Penggambaran fungsional dari pengeluaran publik yang direkomendasikan al-Ghazali bersifat agak luas dan longgar, yakni penegakan keadilan sosio-ekonomi, keamanan dan stabilitas negara, serta pengembangan suatu masyarakat yang makmur. Pernyataan tersebut menunjukkan bahwa Al-Ghazali mengakui ”konsumsi bersama” dan aspek spill-over dari barang-barang publik. Selain dari apa yang telah diutarakan mengenai bagaimana menciptakan kondisi-kondisi tersebut, dapat dikatakan walaupun memilih pembagian sukarela sebagai suatu cara untuk meningkatkan keadilan sosio-ekonomi, Al-Ghazali membolehkan intervensi negara pilihan bila perlu, untuk mengeliminasi kemiskinan dan kesukaran yang meluas.
Ibnu Khaldun
Ibnu Khaldun adalah raksasa intelektual paling terkemuka di dunia. Ia bukan saja Bapak sosiologi tetapi juga Bapak ilmu Ekonomi, karena banyak teori ekonominya yang jauh mendahului Adam Smith dan Ricardo. Artinya, ia  lebih dari tiga abad mendahului para pemikir Barat modern tersebut.  Muhammad Hilmi Murad  telah menulis sebuah karya ilmiah berjudul Abul Iqtishad : Ibnu Khaldun. Artinya Bapak Ekonomi : Ibnu Khaldun. Dalam tulisan tersebut Ibnu Khaldun dibuktikannya secara ilmiah sebagai penggagas pertama ilmu ekonomi secara empiris. Tulisan ini menurut Zainab Al-Khudairi, disampaikannya  pada Simposium tentang Ibnu Khaldun di Mesir 1978.
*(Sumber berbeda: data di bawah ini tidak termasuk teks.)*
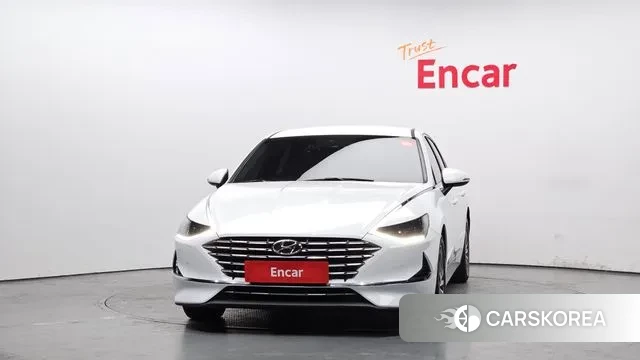 Hyundai Sonata Hybrid (DN8) id 3545460 из Кореи 13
Sebelum Ibnu Khaldun, kajian-kajian ekonomi di dunia Barat masih bersifat normatif, adakalanya dikaji dari perspektif  hukum, moral  dan adapula dari perspektif filsafat. Karya-karya tentang ekonomi oleh para imuwan Barat, seperti ilmuwan Yunani dan zaman Scholastic bercorak tidak ilmiah, karena pemikir zaman pertengahan tersebut memasukkan kajian ekonomi dalam kajian moral dan hukum.
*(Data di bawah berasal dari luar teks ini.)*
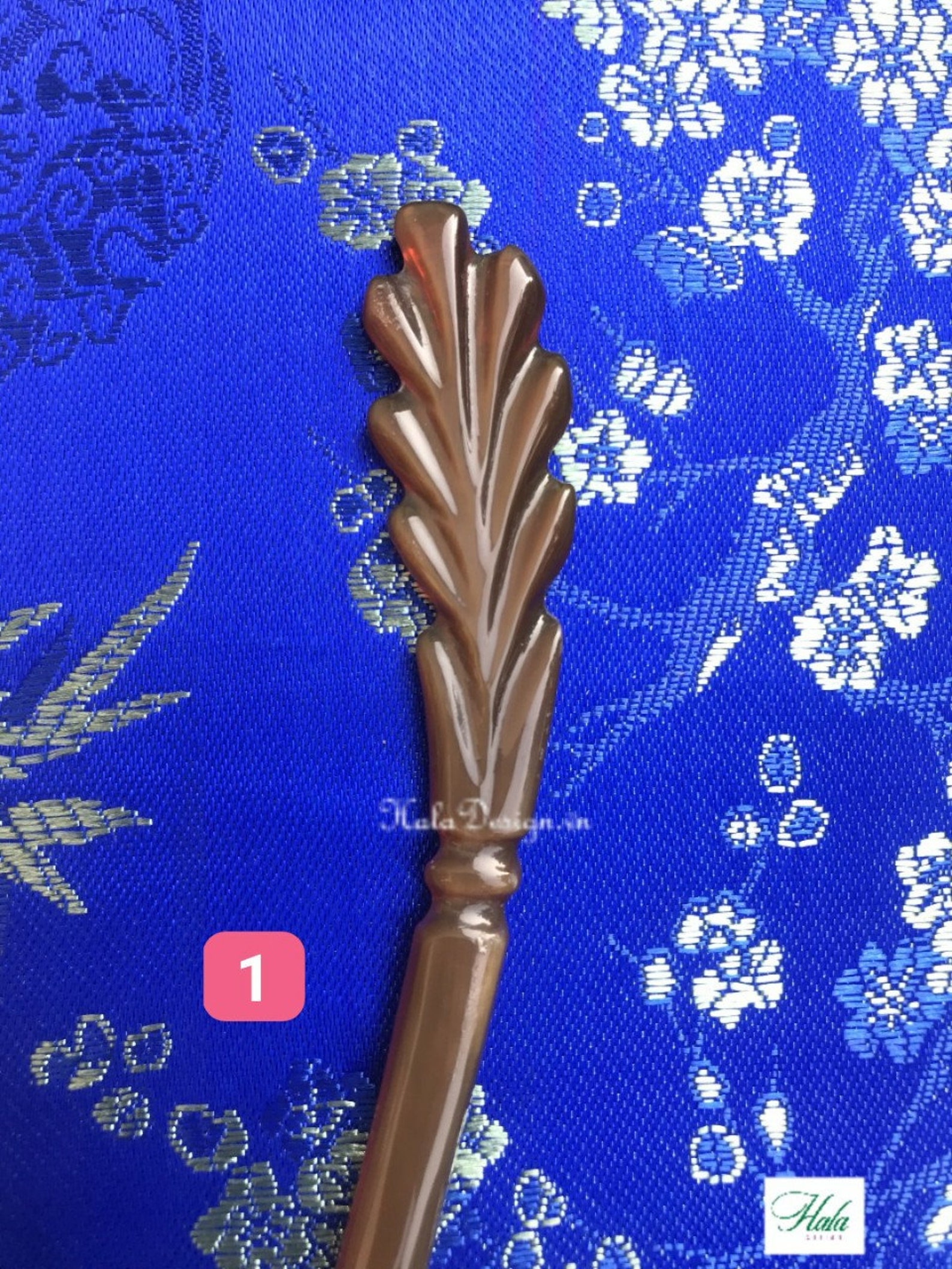 Assorted Horn Hair Stick Anti Static Hair Accessories Horn Etsy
Ibn Khaldun membahas aneka ragam masalah ekonomi yang luas, termasuk ajaran tentang tata nilai, pembagian kerja, sistem harga, hukum penawaran dan permintaan, konsumsi dan produksi, uang, pembentukan modal, pertumbuhan penduduk, makro ekonomi dari pajak dan pengeluaran publik, daur perdagangan, pertanian, indusrtri dan perdagangan, hak milik dan kemakmuran, dan sebagainya. Ia juga membahas berbagai tahapan yang dilewati masyarakat dalam perkembangan ekonominya. Kita juga menemukan paham dasar yang menjelma dalam kurva penawaran tenaga kerja yang kemiringannya berjenjang mundur.[3]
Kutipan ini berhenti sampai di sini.